For any piece of equipment to function properly, it needs to be used. During most inspections, I find windows that are either screwed shut, or they are difficult to open. When a window unit is not used frequently, it will stick due to build-up that will accumulate. Clean the parts of the window, and open/close the unit a few times to see if it stops to stick. If you continue to have problems, look to see if any part is bent. Warping due to expansion and contraction of metals can happen. Depending on the window, you may be able to fix the parts.
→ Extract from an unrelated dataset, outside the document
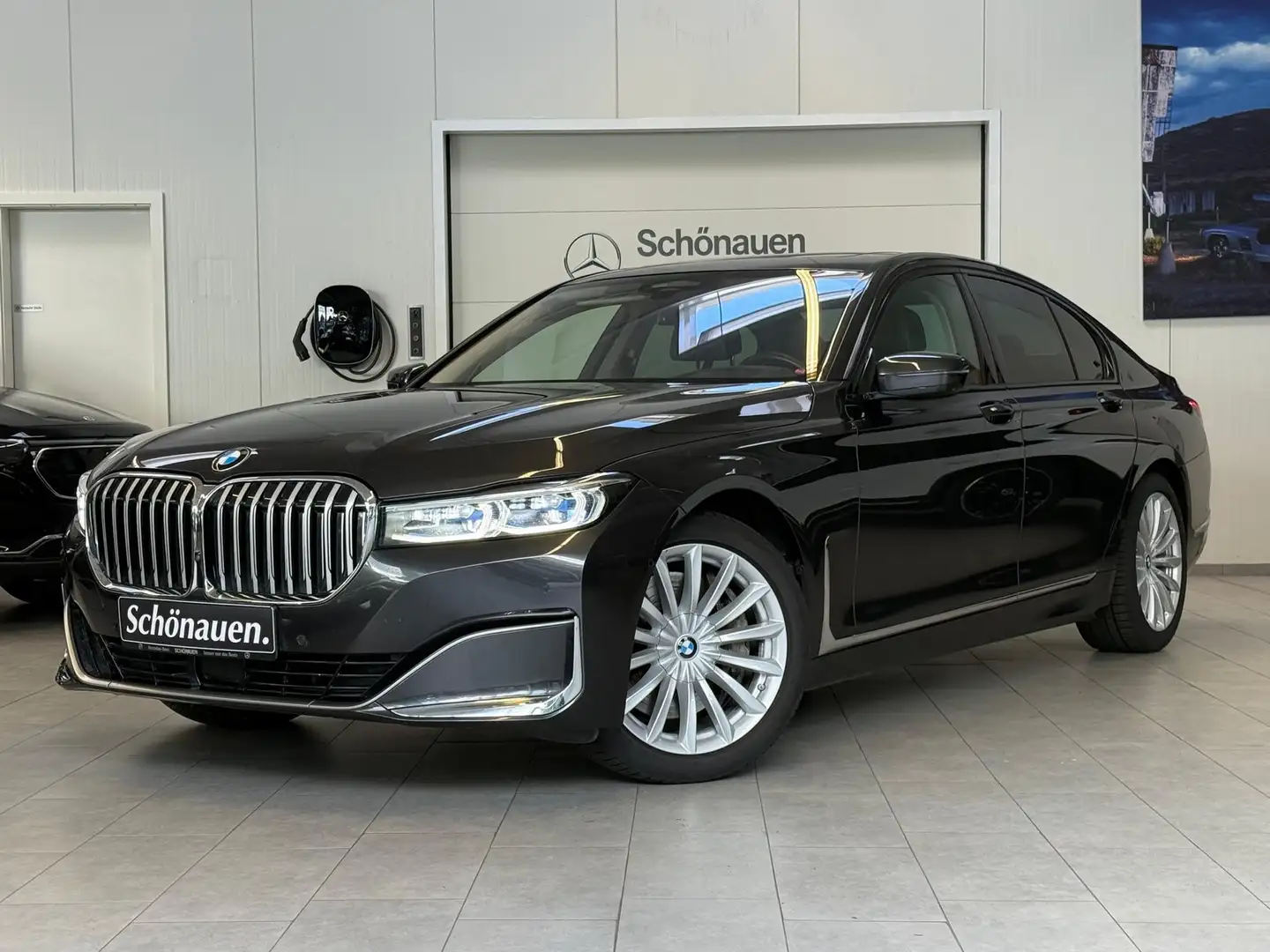 BMW 740 d xDrive ExecutiveDrivePro+STDHZ+HUD+MASSAGE Gris - 1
I find damaged or missing window screens on every house that I inspect. Kits for creating new frames or replacing the screen material are available in home improvement centers in the window/door section. If your frame is in good shape, just re-use it. For making a new frame, you will need a hack saw. When measuring for a new frame, remember the spacer provided in the kit for the corners. Measure the distance with a tape measure in the groove that the frame will sit. All of these frame kits come with instructions, but they are very easy to put together. For the screen, you will need a flat head screw driver, scissors, and an Xacto knife. You do not need the special little tools that they sell for window screen installation. Use the screwdriver to gently pull out the screen’s gasket which holds the screen in place in the frame. Gently because you do not want to damage the frame or the gasket. You can re-use these gaskets when they are in good shape, but buy more of this material to replace worn gaskets (it is sold in the same section). Place the screen material over the frame , and cut it roughly to size. Remember that you will want it slightly larger than the frame to accommodate putting the gasket back into place to hold the screen. Use the screwdriver to push the gasket down into the groove of the frame to hold the screen down. One person can do this step, but for better results you will want two people. When one person is starting to fit the gasket and screen in on one side, the other person can stretch the material over the frame, so you will have the material taught when completed. If one person is doing this alone, use a piece of gasket to hold other sides down, while you begin on the first side to be inserted. Use the Xacto knife to trim the excess material from the frame. There will be little plastic shims in the frame kit or on the frame. These are placed under the gasket at the bottom of the frame to help you remove the frame from its socket in the window. This process can take a while when starting, but take the time to make the screen fit and look good. I suggest that you buy a screen material which states that it offers solar or UV protection. Somewhere on the package it will state that it will cause the room to be cooler (in some type of verbiage). These products do work, and they can help reduce your electric bill by letting you use less air conditioning to cool your home.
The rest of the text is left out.